Banyak definisi yang
diberikan kepada kata ikhlas dan shidq, namun tujuannya sama. Ada yang
berpendapat, ikhlas artinya menyendirikan Allah sebagai tujuan dalam ketaatan.
Ada yang berpendapat, ikhlas artinya membersihkan perbuatan dari perhatian
makhluk. Ada yang berpendapat, ikhlas artinya menjaga amal dari perhatian
manusia, termasuk pula diri sendiri. Sedangkan shidq artinya menjaga amal dari
perhatian diri sendiri saja. Orang yang ikhlas tidak riya’ dan orang yang shadiq
tidak ujub. Ikhlas tidak bisa sempurna kecuali dengan shidq, dan shidq tidak, bisa
sempurna kecuali dengan ikhlas, dan keduanya tidak sempurna kecuali dengan
sabar.
Ada pula yang berpendapat,
siapa yang mempersaksikan adanya ikhlas dalam ikhlas, berarti ikhlasnya membutuhkan
ikhlas lagi. Kekurangan orang yang mukhlis dalam ikhlasnya, tergantung dari
pandangan terhadap ikhlasnya. Jika dia tidak lagi melihat ikhlasnya, maka
dialah orang yang benar-benar mukhlis.
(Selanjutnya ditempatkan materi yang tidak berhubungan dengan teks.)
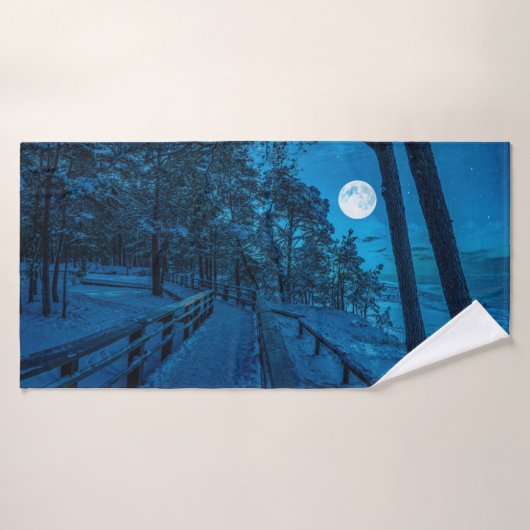 Winterlandschap met sneeuwbedekking met dennenbos badhanddoek (Badhanddoek)
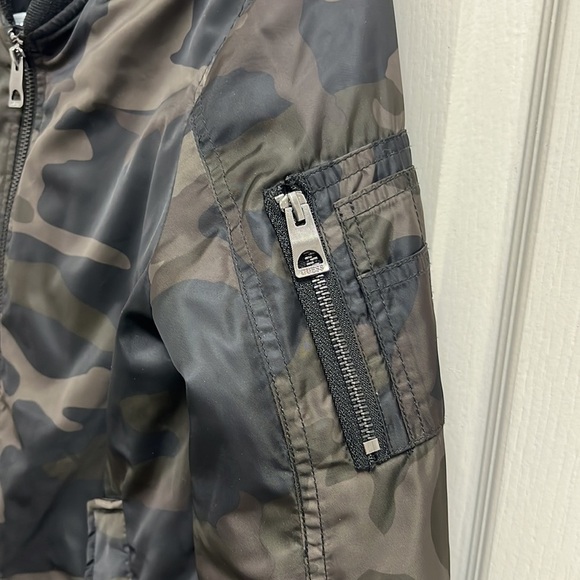 Guess Camouflage Bomber Jacket | Size XS - Picture 3 of 7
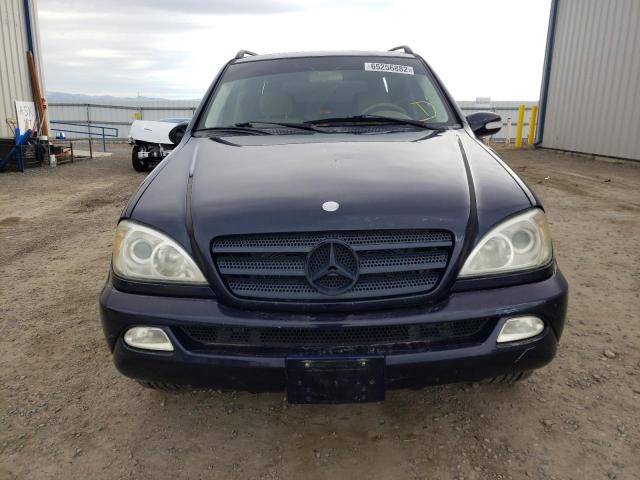 4JGAB54E32A319614 - 2002 MERCEDES-BENZ ML 320 BLUE photo 9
Ada pula yang berpendapat, ikhlas artinya
menyelaraskan amal-amal hamba secara zhahir dan batin. Riya’ ialah jika
zhahirnya lebih baik daripada batinnya. Shidq dalam ikhlas ialah jika batinnya
lebih semarak daripada zhahirnya.
Al-Fudhail berkata,
“Meninggalkan amal karena menusia adalah riya’. Mengerjakan amal karena manusia
adalah syirik. Sedangkan ikhlas ialah jika Allah memberikan anugerah kepadamu
untuk meninggalkan keduanya.”
Al-Junaid berkata, “Ikhlas
merupakan rahasia antara Allah dan hamba, yang tidak diketahui kecuali oleh
malaikat, sehingga dia menulisnya, tidak diketahui syetan sehingga dia
merusaknya dan tidak pula diketahui hawa nafsu sehingga dia mencondongkannya.”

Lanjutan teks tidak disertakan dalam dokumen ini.